O Beata Virgo Maria – Review by Laudate Magazine
“O Beata Virgo Maria is a fine disc with much to appeal to lovers of a cappella mixed-voice ensembles”
Review:
The singing is wonderful. luminatus (they prefer an initial lower-case letter) is a ‘small, but flexible group’ who specialise in little-known Renaissance music and in contemporary repertoire. This disc (73 minutes) is an excellent showcase for their a cappella sound, with its selection of previously unrecorded works from both their favoured musical domains.
The Renaissance repertoire begins with Luca Marenzio’s motet Iste sanctus pro lege and his contemporary Francisco Guerrero’s mass of the same name. The Programme Note does not point out the thematic connection between the two works, even separating the comments on Marenzio and Guerrero.
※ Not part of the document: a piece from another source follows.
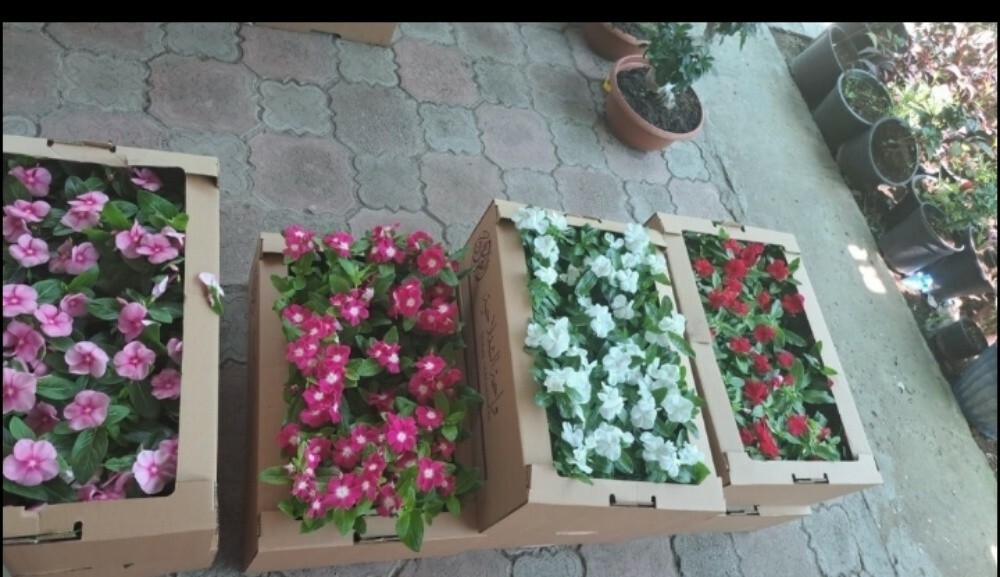 ابو خالد - 1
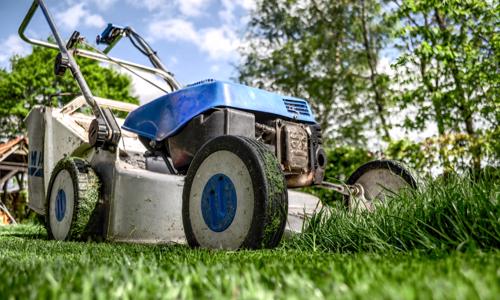 How to Reseed Your Lawn  Lanier Outdoor Equipment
However, the attentive listener will probably hear what is going on – for example, if we compare the beginnings of the motet and of the Kyrie.
The disc takes its name from the next motet, Tiburtio Massaino’s large-scale O Beata Virgo Maria (about 16 minutes, in six large sections or partes). Massaino (pre-1550 to post-1608) was an Augustinian monk, who worked in or visited a wide variety of locations including Rome, Salzburg and Prague. He was a prolific composer, but relatively little of his music has been recorded: O Beata is likely to inspire lovers of Renaissance music to explore more. Listeners may wish to visit https://www.prestomusic.com/classical/composers/5357–massaino to see else what is currently available.
Three women composers are represented in the remaining (five) tracks (again all a cappella): these contain Evening Canticles by Melissa Dunphy and by Cecilia MacDowall, and a very attractive and ambitious setting of Alma redemptoris mater by Kerensa Briggs (the mezzo solo being sung by Hannah Littleton).
McDowall’s five-part St Pancras Canticles were composed for the London Festival of Contemporary Church Music in 2017. They are impressive, although with a Magnificat lasting nine minutes and a Nunc Dimittis at nearly six they may serve more frequently as concert pieces or as devotional listening than in the context of Choral Evensong.
Dunphy’s setting entitled for St Paul’s Burlingame (at just over 10 minutes in total) was commissioned quite recently ‘to celebrate the life of Marcia McCowin’ and was first heard at the church in California after which it is named. The ending of the Gloria was for me one of the highlights. The Programme Note aptly characterises the work as ‘often modal’, with references to ‘a mood of calm contemplation’ and to tranquillity punctuated by more intense moments.
To sum up, O Beata Virgo Maria is a fine disc with much to appeal to lovers of a cappella mixed-voice ensembles. As expected with Convivium Records, production and engineering are excellent, and the artwork and design are attractive in an ecologically-friendly digipack format.